Re: Need an hash of the Parsed Document !
by tangent (Parson) on Dec 17, 2015 at 19:45 UTC
    If you are only after the text values of certain tags you could do something like this:
    sub parsing { my ( $twig, $account ) = @_; my @tags = qw( Id OwnerFirstName OwnerLastName ); my %hash = map { $_ => $account->findvalue($_) } @tags; validate( \%hash ); } sub validate { my ( $hash ) = @_; if ( $hash->{'Id'} eq 'abcd' ) { print "Id $hash->{'Id'} is valid\n"; } else { print "Id $hash->{'Id'} is not valid\n"; } }
    If you need to get attributes as well, like the values in 'CreationDate' then you will have to do a bit more work:
    my @cdates = $account->findnodes('CreationDate'); my $cdate = $cdates[0]; $hash{'date'} = join('-', $cdate->att('day-of-month'), $cdate->att('mo +nth'), $cdate->att('year') );
Re: Need an hash of the Parsed Document !
by Preceptor (Deacon) on Dec 18, 2015 at 16:17 UTC

    There is a fundamental problem with what you are trying to do. XML doesn't fit cleaning in native perl data structures. A hash is unordered key-values - but XML is ordered. An array is ordered scalars. And an XML structure _may_ have both children nodes, and attributes as key-value pairs.

    It is simply impossible to do this without losing data in the process which is why "XML::Twig" doesn't do it already - it instead uses "XML::Twig::Elt" elements which are objects - including data and accessor methods to handle this situation correctly.

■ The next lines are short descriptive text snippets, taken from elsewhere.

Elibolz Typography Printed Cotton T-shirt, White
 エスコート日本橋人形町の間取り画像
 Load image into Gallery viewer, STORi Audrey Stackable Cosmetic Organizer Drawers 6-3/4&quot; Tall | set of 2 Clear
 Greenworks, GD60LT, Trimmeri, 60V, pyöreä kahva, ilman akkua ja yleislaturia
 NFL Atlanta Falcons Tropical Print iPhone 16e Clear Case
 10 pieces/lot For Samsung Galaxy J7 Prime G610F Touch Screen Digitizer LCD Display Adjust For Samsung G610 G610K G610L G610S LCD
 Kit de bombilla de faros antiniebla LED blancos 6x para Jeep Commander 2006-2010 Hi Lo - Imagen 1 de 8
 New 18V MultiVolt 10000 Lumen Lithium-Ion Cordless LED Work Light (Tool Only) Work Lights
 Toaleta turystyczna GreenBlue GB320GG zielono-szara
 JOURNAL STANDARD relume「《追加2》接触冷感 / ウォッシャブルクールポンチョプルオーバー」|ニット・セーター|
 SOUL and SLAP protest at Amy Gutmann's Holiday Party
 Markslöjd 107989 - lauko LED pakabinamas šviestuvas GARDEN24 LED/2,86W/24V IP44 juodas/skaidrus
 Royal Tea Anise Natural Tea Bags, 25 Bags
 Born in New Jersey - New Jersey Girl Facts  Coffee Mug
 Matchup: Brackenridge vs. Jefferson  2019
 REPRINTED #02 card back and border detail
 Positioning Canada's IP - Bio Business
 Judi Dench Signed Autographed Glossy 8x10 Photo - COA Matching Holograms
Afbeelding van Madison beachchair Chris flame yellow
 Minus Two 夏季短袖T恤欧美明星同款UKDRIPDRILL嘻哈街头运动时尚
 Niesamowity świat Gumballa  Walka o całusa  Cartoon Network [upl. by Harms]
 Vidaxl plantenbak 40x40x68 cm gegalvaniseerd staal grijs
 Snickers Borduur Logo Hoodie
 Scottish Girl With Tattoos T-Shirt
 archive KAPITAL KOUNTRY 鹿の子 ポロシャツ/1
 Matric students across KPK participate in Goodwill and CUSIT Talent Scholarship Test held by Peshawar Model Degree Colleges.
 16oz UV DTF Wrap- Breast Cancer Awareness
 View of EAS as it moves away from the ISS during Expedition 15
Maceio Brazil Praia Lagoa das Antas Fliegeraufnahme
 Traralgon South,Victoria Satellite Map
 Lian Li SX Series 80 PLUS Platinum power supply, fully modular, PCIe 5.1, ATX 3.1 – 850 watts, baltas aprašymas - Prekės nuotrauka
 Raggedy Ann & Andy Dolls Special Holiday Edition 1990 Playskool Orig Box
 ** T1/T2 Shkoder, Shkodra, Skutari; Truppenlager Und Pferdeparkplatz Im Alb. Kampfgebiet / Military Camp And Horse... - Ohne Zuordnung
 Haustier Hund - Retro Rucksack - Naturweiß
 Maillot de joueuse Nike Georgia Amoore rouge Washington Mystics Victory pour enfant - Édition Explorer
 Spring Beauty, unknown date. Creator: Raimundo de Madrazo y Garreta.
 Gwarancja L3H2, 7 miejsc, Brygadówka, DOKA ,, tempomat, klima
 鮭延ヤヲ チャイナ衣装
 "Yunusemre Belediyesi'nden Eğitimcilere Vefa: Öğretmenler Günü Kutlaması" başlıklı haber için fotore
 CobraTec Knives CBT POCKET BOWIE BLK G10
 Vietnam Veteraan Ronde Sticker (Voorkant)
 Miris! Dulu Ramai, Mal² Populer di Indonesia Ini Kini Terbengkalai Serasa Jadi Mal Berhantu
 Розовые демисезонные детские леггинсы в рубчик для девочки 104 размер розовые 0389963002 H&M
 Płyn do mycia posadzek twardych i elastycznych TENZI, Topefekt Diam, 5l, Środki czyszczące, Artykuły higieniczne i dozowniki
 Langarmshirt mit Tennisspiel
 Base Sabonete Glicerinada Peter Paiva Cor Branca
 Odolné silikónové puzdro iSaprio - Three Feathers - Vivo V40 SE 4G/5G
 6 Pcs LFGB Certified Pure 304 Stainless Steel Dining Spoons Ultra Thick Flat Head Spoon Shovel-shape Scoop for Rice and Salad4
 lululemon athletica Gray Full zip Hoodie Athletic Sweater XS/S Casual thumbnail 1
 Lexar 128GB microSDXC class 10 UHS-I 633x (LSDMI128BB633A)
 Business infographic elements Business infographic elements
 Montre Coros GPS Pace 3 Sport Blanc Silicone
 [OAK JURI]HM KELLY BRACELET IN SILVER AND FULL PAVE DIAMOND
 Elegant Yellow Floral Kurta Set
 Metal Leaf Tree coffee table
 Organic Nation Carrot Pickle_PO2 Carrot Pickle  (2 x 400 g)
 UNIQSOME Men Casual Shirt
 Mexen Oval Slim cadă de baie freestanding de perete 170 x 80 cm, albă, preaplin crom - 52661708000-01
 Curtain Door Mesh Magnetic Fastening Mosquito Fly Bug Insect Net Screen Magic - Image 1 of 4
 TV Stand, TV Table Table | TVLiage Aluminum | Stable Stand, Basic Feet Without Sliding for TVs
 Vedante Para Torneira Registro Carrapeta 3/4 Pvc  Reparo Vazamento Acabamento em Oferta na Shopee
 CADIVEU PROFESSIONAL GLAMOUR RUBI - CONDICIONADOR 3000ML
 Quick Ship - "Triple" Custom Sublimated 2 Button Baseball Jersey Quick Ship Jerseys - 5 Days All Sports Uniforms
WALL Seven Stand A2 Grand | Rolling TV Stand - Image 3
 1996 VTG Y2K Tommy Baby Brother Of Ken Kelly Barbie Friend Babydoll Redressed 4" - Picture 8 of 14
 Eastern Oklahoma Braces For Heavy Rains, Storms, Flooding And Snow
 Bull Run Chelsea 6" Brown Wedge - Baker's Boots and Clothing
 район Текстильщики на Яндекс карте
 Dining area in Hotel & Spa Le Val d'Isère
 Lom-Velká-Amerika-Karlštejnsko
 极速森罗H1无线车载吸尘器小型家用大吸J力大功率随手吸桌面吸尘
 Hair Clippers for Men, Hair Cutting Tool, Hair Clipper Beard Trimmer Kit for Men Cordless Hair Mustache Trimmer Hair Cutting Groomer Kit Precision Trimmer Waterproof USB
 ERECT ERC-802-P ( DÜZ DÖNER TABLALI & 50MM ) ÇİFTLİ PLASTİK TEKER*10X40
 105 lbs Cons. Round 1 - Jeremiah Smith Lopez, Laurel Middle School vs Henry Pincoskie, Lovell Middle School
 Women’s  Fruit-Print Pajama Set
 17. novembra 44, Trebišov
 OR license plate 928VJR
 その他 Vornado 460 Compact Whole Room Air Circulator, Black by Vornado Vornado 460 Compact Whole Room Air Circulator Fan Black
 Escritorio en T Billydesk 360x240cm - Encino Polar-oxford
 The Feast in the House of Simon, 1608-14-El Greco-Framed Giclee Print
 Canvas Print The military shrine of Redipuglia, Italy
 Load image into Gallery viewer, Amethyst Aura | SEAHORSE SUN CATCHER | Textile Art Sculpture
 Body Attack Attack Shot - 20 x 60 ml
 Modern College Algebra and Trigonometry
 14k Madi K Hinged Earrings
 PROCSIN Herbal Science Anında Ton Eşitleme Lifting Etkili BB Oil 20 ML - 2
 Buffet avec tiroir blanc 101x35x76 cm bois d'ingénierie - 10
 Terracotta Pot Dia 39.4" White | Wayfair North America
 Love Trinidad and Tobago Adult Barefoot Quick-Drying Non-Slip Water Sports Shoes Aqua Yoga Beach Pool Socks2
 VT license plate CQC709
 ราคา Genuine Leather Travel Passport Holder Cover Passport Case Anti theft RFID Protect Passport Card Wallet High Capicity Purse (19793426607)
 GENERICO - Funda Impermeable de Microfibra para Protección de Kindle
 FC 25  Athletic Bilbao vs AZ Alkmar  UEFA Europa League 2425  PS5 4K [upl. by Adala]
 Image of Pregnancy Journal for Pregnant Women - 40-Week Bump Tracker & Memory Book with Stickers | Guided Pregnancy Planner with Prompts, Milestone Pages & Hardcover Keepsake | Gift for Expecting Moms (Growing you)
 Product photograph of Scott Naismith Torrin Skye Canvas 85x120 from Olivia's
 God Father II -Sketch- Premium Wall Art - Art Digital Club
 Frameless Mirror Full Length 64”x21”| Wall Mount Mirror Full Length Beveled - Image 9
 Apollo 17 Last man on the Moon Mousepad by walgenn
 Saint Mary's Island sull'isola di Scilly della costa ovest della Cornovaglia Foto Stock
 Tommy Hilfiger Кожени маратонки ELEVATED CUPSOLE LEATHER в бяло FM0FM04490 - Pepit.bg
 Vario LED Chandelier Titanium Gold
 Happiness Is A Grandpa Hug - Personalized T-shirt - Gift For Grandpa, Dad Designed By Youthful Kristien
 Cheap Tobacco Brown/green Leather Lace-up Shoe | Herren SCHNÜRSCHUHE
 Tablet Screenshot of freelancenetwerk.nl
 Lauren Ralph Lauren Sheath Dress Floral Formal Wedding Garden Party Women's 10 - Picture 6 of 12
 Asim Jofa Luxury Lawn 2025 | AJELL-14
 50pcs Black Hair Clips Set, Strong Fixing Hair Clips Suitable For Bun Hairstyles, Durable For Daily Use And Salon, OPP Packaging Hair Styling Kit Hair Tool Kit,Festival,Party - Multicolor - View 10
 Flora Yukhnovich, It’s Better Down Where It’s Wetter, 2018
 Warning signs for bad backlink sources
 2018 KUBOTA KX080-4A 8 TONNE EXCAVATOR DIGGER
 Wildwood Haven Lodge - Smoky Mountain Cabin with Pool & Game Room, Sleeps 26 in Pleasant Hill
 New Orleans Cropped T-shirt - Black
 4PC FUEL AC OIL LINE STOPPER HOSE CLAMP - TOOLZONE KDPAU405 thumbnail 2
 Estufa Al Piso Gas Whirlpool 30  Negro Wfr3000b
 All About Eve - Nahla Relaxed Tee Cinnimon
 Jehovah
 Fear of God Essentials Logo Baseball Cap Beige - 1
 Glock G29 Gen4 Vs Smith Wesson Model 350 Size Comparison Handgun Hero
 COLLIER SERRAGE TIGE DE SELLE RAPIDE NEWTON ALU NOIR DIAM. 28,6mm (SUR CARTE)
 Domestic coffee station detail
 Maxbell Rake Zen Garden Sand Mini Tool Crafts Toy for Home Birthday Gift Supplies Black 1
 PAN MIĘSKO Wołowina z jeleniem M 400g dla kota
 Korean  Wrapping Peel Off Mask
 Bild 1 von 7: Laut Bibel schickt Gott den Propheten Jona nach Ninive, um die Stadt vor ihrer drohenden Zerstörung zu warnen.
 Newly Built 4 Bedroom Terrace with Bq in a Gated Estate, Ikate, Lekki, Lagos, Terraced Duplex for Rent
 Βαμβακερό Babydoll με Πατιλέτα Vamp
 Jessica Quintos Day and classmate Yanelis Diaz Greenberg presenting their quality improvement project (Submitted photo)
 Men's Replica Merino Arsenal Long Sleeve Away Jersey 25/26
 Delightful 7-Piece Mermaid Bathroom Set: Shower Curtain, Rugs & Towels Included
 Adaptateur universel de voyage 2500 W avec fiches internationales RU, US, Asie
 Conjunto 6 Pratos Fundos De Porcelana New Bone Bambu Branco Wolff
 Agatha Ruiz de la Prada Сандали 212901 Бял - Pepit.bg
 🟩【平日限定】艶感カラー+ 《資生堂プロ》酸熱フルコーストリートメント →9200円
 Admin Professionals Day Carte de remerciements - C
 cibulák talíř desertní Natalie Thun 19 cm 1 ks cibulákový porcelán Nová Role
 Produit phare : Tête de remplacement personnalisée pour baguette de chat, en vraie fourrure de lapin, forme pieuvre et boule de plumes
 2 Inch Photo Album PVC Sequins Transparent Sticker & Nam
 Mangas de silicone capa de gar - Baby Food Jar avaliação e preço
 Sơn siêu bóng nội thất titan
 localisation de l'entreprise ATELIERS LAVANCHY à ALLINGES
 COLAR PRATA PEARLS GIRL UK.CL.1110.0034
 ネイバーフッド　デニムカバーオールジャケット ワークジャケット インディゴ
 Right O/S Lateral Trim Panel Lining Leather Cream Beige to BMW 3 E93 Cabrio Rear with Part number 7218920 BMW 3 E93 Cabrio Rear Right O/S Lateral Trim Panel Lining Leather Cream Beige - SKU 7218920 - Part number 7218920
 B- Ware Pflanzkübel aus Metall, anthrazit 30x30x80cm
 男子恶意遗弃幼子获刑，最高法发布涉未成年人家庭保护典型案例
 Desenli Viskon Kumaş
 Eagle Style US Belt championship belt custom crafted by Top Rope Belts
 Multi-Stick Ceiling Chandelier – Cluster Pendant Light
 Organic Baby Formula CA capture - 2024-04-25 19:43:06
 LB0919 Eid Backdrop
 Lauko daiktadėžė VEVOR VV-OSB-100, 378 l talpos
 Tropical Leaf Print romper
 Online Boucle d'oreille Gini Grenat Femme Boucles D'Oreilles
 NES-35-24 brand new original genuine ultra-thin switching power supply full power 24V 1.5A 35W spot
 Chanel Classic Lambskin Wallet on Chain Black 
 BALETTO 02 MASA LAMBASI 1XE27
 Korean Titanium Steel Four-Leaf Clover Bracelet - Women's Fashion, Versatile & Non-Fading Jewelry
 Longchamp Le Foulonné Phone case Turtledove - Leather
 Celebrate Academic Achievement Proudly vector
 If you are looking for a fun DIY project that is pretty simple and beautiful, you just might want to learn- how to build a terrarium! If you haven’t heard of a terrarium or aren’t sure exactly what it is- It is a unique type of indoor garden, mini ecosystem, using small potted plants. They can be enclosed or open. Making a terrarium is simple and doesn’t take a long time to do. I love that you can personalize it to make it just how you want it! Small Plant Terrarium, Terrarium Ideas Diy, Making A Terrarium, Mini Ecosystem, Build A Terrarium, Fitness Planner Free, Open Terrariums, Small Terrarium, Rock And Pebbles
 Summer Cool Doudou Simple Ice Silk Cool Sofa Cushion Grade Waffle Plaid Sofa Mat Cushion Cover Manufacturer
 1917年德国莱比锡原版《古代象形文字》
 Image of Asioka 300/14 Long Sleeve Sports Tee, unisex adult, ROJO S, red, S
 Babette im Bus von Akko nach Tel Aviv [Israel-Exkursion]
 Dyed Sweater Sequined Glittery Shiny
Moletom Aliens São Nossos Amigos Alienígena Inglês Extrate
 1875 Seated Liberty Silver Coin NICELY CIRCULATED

    You can pass this object around to other bits of code too, and do the validation correctly - or you can try and do some sort of partial translation, but this is inherently a BAD IDEA.

    You can reduce XML to a simpler format, but there's no 'magic bullet' approach, any more than how you can convert a banana to a combined image/smell/taste document on your computer automatically (or without an awful lot of effort). At best you can represent the various elements, or extract the things you are interested in.

    But XML::Twig _already_ has a mechanism to do this - you fire a twig handler, and you do the manipulation of the thing you're interested in. (Or do it via walking the "twig" tree by hand)>

    That's why this is considered a better approach than trying to 'down convert' it - but if you really must, XML::Twig has a simplify method, that will do exactly what you want. (Try it, and you'll see why it's nasty):

    #!/usr/bin/env perl use strict; use warnings; use Data::Dumper; use XML::Twig; sub parsing { my ( $twig, $accounts ) = @_; my $horrible_hacky_hashref = $accounts -> simplify ( forcearray => + 1, keyattr => [] ); print Dumper \$horrible_hacky_hashref; } my $twig = XML::Twig -> new ( twig_roots => { 'Account' => \&parsing } + ); #'twig_roots' mode builds only the required sub-trees from the do +cument while ignoring everything outside that twig. $twig -> parsefile ($file);

    This will generate you a structure like:

    $VAR1 = \{ 'PaymentMode' => [ 'Undefined' ], 'ExternalMail' => [ 'fdsa@zxczxc.com' ], 'SynchroCount' => [ '6' ], 'Provision' => [ '0' ], ### .... etc ....

    Alternatively, you can walk the structure manually, using recursion. But either way, you're just far better off _not_ trying to convert XML and just apply the validation criteria directly.